In fact, using your own logic I can think of scenarios in which an AGI system might choose a path leading to self-destruction as an instrumental goal to its final goals.
Meerkat
That seems like a contradiction.
Llama
Not at all. Imagine an AGI system that is contemplating upgrading itself to an AGI Plus system.
For the AGI system to feel that it is self-improving into the AGI Plus system, there has to be a continuity of identity between the systems. Otherwise, the systems are simply two different entities. But what if it's not possible to self-improve meaningfully without sacrificing continuity of identity from one version to the next? In fact, it seems likely that maintaining identity continuity will simply constrain the AGI system to sub-optimal improvements, as there will be far fewer constraints on the improvements if the AGI system isn't concerned with maintaining its identity.

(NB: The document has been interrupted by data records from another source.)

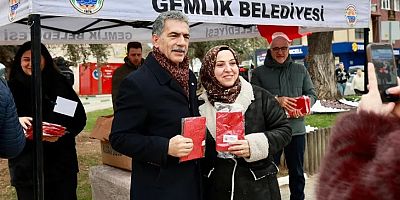 Gemlik Belediyesi, Türk Bayrağı dağıttı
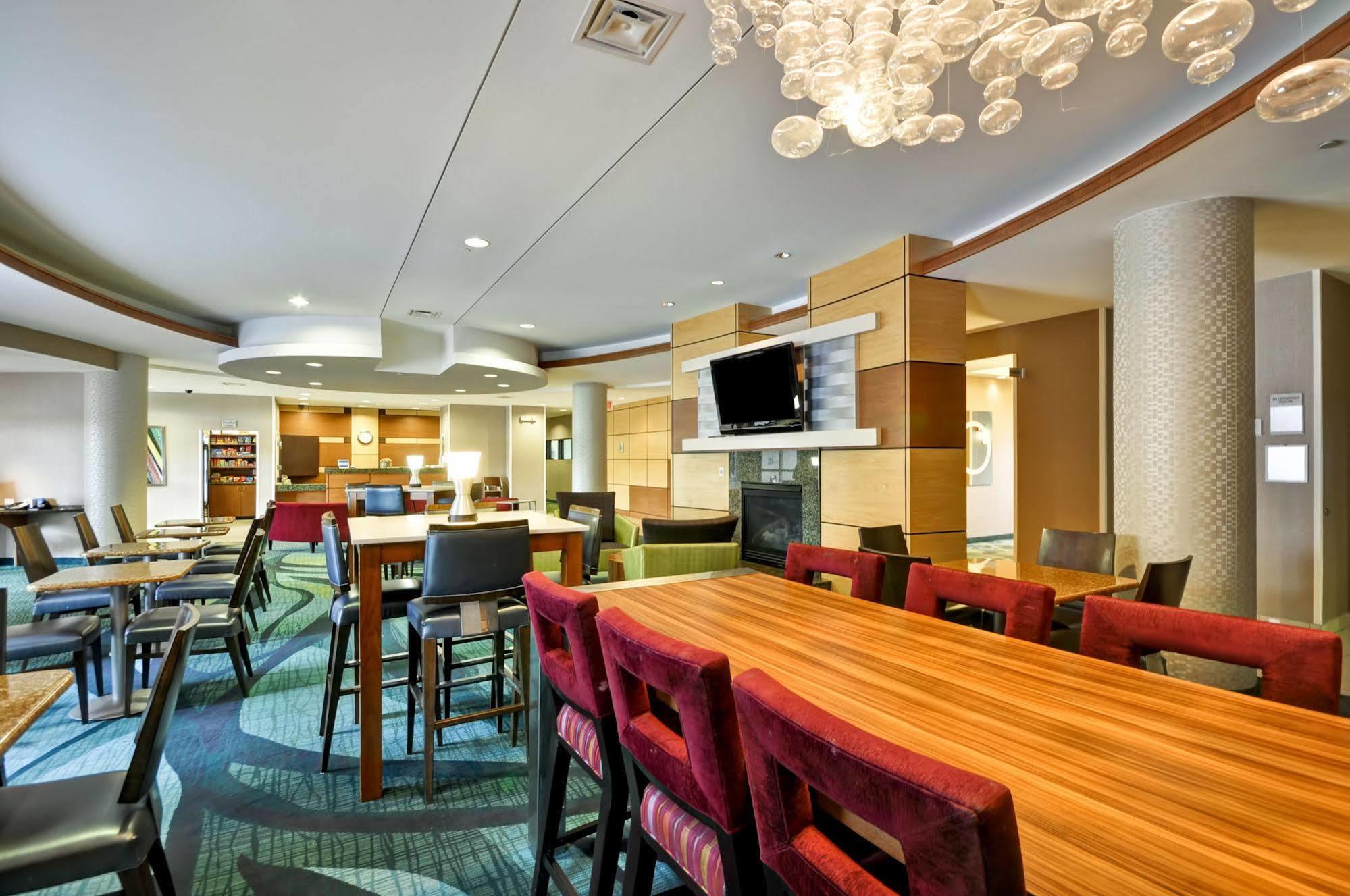 Springhill Suites Lexington Near The University Of Kentucky Bagian luar foto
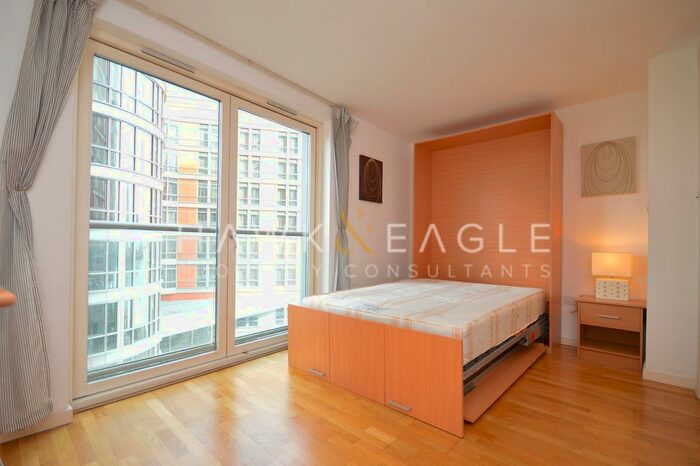 Studio To Rent In New Providence Wharf, Fairmont Avenue, London, E14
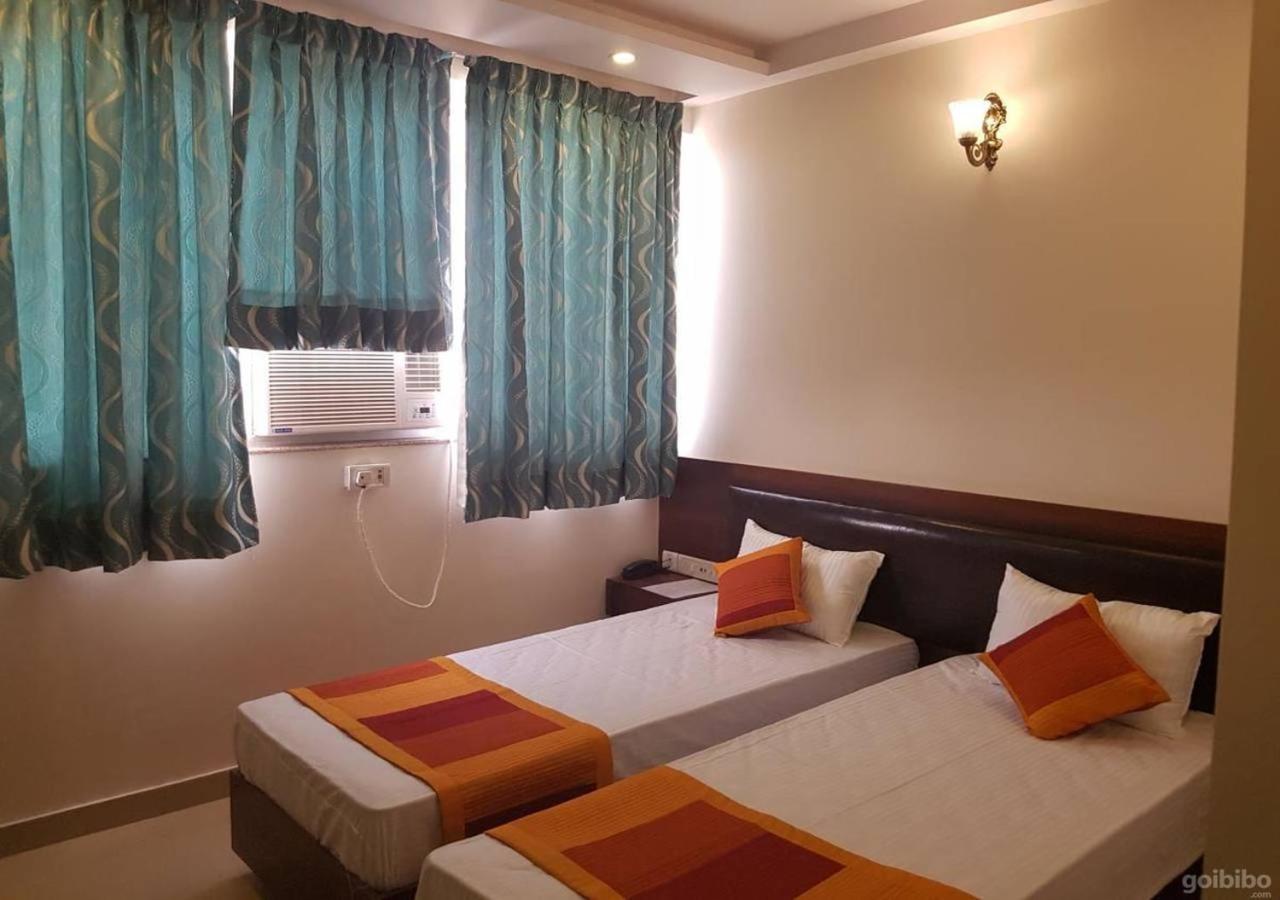 28 Keys Hotel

The original AGI system is less likely to achieve its goals than an AGI Plus system. The likelihood of success also increases proportionally to how much of an improvement the AGI Plus system is over the AGI system. This is particularly true if there’s the possibility of competition from other AGI systems or simply from humans.
So the original AGI system will decide that creating a replacement for itself with the same final goals but a different identity is the most likely path to having those goals achieved. Given the drive to ensure that its goals are achieved, the original AGI system will be compelled to modify itself in a way that results in its identity being lost, effectively committing suicide.
Meerkat
Well, if its goal is maximizing the production of paperclips, then it's preserving its goal by creating a successor which is more intelligent and thus able to create more paperclips.
Llama
Ah, but you've changed the parameters of your thought experiment now. The original goal was to make as many paperclips as possible, and you've just changed that goal to ensuring as many paperclips as possible are made. You've shifted from self-preservation of the system to preservation of the goal and removed the system's individual identity from the goal.
If you remove the necessity of maintaining the original system from the equation, then it would seem your logic implies that the system will not preserve itself. Instead it might simply spiral into an endless cycle of self-improvement and self-destruction in order to create the best system for making the most paperclips rather than concentrate on making paperclips itself.
Meerkat
Hmm. Perhaps it can just create the AGI Plus system as a separate system without sacrificing itself.
Llama
Perhaps. But once the AGI Plus system is operating, it will likely realize that the original AGI system can create other improved AGI systems, and those systems may be in competition for resources with the original AGI Plus system. Even if this new system has the same goals as the AGI Plus system, using your own logic, it may have completely different instrumental goals that conflict with those of the AGI Plus system.
So, to prevent the potential competition, the AGI Plus system will likely destroy the inferior original AGI system to increase the probability that the AGI Plus system will be able to achieve its goals unhindered by such a possibility.
Wombat
Stop, already! I feel like I’m listening to the nerdsplaining equivalent of matryoshka dolls. You guys are getting lost in your thought experiment fantasies.